# Named (Bind9) Problem after Upgrade to 7.2-p1#0



## linuxhelp (Jun 14, 2009)

Hello@All,

i have to solve some bugs,

i run two little Servers (Master+Slave) and the master
has to replicate entries to slave). This worked at 7.1 but after upgrade replication seems to fail? I read about user-right problems cause the user-rights at /etc/namedb where been bind:wheel but i got messages "can not write to working dir"

i found some info at a forum to change:
/etc/bind.chroot.dist

to change root -> to bind but this does not help?

/set type=dir uname=root(to>bind?) gname=wheel mode=0755
.
    dev             mode=0555
    ..
    etc
        namedb
            dynamic uname=bind
            ..
            master
            ..
            slave   uname=bind
            ..
        ..
    ..
/set type=dir uname=bind gname=wheel mode=0755
    var             uname=bind

thanks for help..
Tom


----------



## DutchDaemon (Jun 14, 2009)

Try [cmd=]chown -R bind:bind /var/named[/cmd]. Always worked fine for me. Leave /etc/namedb alone, because FreeBSD will always change it right back after an upgrade.


----------



## SirDice (Jun 15, 2009)

linuxhelp said:
			
		

> i got messages "can not write to working dir"

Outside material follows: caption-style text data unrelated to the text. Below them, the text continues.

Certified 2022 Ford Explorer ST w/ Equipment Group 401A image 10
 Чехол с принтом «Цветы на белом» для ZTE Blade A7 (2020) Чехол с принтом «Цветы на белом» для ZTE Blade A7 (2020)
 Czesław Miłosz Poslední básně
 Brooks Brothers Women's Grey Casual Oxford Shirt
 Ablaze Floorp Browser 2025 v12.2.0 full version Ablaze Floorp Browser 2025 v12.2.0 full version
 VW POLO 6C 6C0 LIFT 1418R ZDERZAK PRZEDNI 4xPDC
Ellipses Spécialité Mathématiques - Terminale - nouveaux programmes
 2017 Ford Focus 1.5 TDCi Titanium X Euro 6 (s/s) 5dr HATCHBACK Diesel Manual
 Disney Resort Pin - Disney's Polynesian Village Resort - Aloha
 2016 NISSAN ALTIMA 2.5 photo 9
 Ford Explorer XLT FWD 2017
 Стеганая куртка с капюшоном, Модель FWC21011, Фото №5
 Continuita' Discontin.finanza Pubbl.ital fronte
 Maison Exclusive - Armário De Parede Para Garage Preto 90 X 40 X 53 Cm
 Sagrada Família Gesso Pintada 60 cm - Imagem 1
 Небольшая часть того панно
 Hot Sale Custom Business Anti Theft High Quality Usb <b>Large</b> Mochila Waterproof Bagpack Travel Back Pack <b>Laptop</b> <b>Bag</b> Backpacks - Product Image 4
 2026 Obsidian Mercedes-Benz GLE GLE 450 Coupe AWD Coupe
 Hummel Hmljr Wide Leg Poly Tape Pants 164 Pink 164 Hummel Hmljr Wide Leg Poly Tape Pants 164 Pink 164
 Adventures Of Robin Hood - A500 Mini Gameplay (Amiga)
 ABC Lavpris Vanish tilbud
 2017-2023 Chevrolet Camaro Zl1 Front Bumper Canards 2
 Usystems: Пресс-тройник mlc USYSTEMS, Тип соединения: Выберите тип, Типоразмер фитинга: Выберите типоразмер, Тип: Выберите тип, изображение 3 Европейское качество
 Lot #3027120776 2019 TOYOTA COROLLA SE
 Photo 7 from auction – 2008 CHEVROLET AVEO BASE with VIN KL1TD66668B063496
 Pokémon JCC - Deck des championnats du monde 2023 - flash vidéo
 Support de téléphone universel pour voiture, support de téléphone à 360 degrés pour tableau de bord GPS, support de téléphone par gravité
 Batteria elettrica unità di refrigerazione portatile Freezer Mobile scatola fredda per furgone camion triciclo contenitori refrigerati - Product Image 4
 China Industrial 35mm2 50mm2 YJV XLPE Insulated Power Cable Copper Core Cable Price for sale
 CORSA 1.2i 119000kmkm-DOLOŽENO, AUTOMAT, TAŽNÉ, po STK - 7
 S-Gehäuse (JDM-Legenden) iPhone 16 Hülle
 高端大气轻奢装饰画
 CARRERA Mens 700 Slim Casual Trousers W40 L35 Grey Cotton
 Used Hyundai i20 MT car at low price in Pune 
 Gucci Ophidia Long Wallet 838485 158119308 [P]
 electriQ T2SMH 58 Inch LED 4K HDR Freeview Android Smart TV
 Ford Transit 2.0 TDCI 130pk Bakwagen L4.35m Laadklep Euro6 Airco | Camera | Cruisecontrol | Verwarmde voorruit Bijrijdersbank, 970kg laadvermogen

That's not really an error. I have that message too but everything works as it should.


----------



## linuxhelp (Jun 18, 2009)

*Named..*

Hello@ALL

thanks for your help.
i tried it to set it but it doesn't work clean.
i will resetup the engines to look for default
rights, and post here info.

If i try to use webmin to setup both nameservers
for domain 192.168.178.0 i got errors cause webin ad
arpa.. entries to config files and at named start
named offers error messages that my localdomain.home
isn't a nxdomain. i only can solve it without webmin
if i edit manual the zonefiles by hand and remove arpa..

snipshot follows..

does anyone have same problems with webmin?

does bind9.23 of 7.2 must have a allow-transfer option
and! key to transfer zones between my server1 and server 2?

I do not setup daily bind servers.. :-(
Regards Tom


----------



## SirDice (Jun 18, 2009)

Don't use webmin and you can ignore that "can not write to working dir" message.


----------